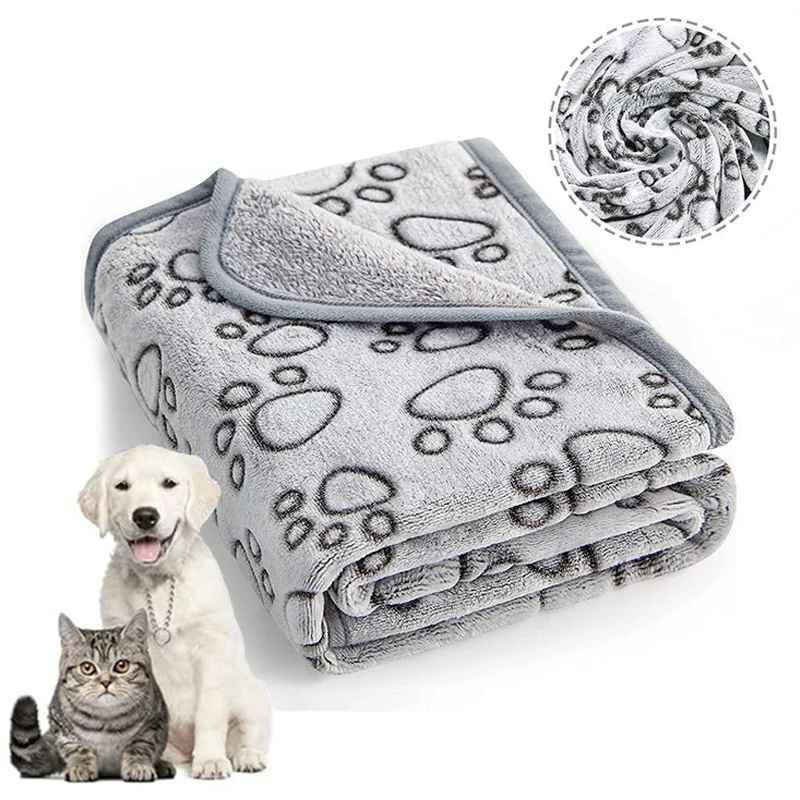 The Soft Fluffy High Quality Pet Blanket is shown folded in gray with black paw prints. In the top right, its rolled up, while a cat and dog sit side by side looking forward in the bottom left.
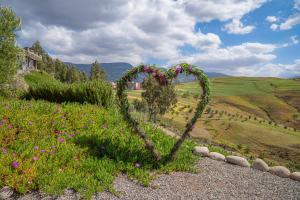 a heart shaped arch in a field of flowers at Diar illi in Touama +78 photos
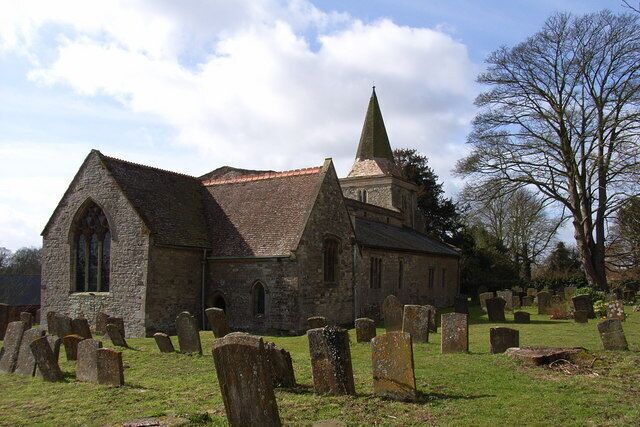 A church with a pointed steeple and a graveyard with headstones.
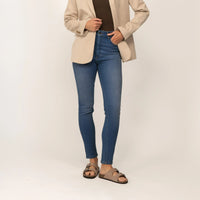 Woman wearing Marame Slim Leg Jeans in Deep Navy Wash Denim, front view. |deep navy wash denim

^^^^^^^^

EXERCISE OBJECTIVE - I need the lines from the line holding "A church with" through the end of the material, inclusive, restated word for word and without pictures.

REPLY TO THE TASK -
 A church with a pointed steeple and a graveyard with headstones.
 Woman wearing Marame Slim Leg Jeans in Deep Navy Wash Denim, front view. |deep navy wash denim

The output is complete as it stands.